S = H*P*H^T + R S= Residual covariance =
covariane transformed by H + R
K = P *
H^T *S^-1 K = Kalman gain =
variance / residual covariance.
X = X +
K*Y Update with
gain the new measurement
P = (I
– K * H) * P Update
covariance to this time.
Predict:
X = F*X
+ H*U Rolls state (X)
forward to new time.
P = F*P*F^T + Q Rolls the
uncertainty forward in time.
The X = F*X + H*U was converted into code above:
oldX =
m_x[0];
m_x[0]
+= dt * m_x[1]; // From above.
Converting P requires some math:
P = [1, dt] [p00, p01] [1, 0] + [q00, q01]
[0, 1] [p10, p11] [dt, 1] [q10, q11]
P = [p00 + dt*p10, p01 + dt*p11]
[1, 0] + [q00, q01]
[p10, p11] [dt, 1] [q10, q11]
P = [p00 + dt*p10 + dt*p01 +
dt*dt*p11, p01 + dt*p11] + [q00, q01]
[p10 + dt*p11, p11] [q10, q11]
In code:
m_p[0] = m_p[0] + dt*(m_p[2] +
m_p[1]) + dt*dt *m_p[3] + m_q[0];
m_p[1] = m_p[1] + dt*m_p[3] +
m_q[1];
m_p[2] = m_p[2] + dt*m_p[3] +
m_q[2];
m_p[3] = m_p[3] + m_q[3];
Y = M – H*X
y0 = m - m_x[0];
y1 = ((oldX-m)/dt) -m_x[1];
S = H*P*H^T + R
Because
H = [1, 0] this is easy, and s is a single value not a matrix to invert.
s =
m_p[0] + m_r;
K = P * H^T *S^-1
K =
m_p[0] / s;
X = X + K*Y
m_x[0]
+= y0 * k;
m_x[1]
+= y1 * k;
P = (I – K * H) * P
Because H is [1, 0], and K is s scalar in this case.

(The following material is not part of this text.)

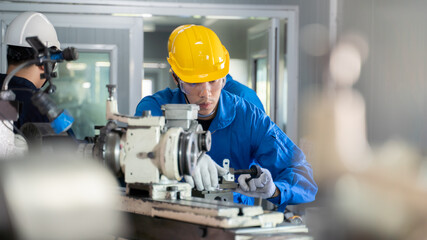 Mechanic operate lathe grinding machine with safety protective device.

for (int i = 0; i < 4; i++) m_p[i] = 1 – k*m_p[i];
The following fills out the API:
double Variance () { return m_p[0]; }
double Value() { return m_x[0]; }
void Reset(
double qx,
double qv,
double r,
double pd,
double ix)
{
m_q[0] = qx; m_q[1] = qv;
m_r = r;
m_p[0] = m_p[3] = pd;
m_p[1] = m_p[2] = 0;
m_x[0] = ix;
m_x[1] = 0;
}
Another example
Suppose you had two measurement of the same thing, say
position measured by GPS, and velocity measured by an accelerometer. The
measurement techniques do not vary the same way because the sources of noise
are unrelated (little noise cross correlations) and the amount of noise is
typical of a measurement system, it is Gaussian. The position noise is large,
say 15 meters, but the velocity noise is low, say 0.01 m/s.

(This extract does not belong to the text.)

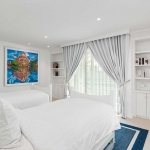 6-bedroom beachfront pool villa on Natai Beach, white bedroom with twin bed and blue rug PSV-PHA-1565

This is a good example of how a Kalman filter can really use
the low noise velocity information to fix position information that might be
noisy.
The Kalman filter learns the velocity over time, and essentially trusts the velocity information to update the position estimate more than the position measurement.
If we introduced a jump in position, the position would jump and the filter would re-adapt.

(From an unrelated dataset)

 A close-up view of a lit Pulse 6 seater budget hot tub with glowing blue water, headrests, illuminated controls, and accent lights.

If the change evolved with the signal like most tracking signal problems do, then you have scenarios such as:
In this case, the velocity went from 0.4 to -0.4 in the middle of the test. The abrupt change in velocity was smoothed based on the noise value used. If we reduced the Qv value to say 0.001 from 0.01 in the above graph the filter would rely on velocity too much:
Example of tracking a parabola with a 2nd order Kalman filter:
Note the top right is the path, top left is the error showing measurement error and the Kalman filter error from the ideal. The Gain plot is the magnitude of the determinant of the Kalman gain matrix (which isn’t a single value).
Conclusion
This is meant to just be an introduction, a jumping off spot for someone kind
of new to Kalman filtering.
On the job, I've developed Kalman filters for image object tracking, missile guidance filters, uplink telemetry timing filters, GPS tracking and navigation filters. Some were small (2-4 state) some large (13) some very large (23). Some took days, others weeks. The most effective and reliable were always small.
Usually it isn't easy. Especially if you have three or more states. By far the most common mistake is making them too big and never quite finding out what's wrong. Figuring out the cross interactions is a science, but it's often good to be deliberately a little more or less
aggressive in how it smooths or how quickly it adapts, so... doing that for 20 seemingly unrelated things is tuning 20*20 often non-linear things, by hand.
Kalman filters always work best when they are kept as basic as possible.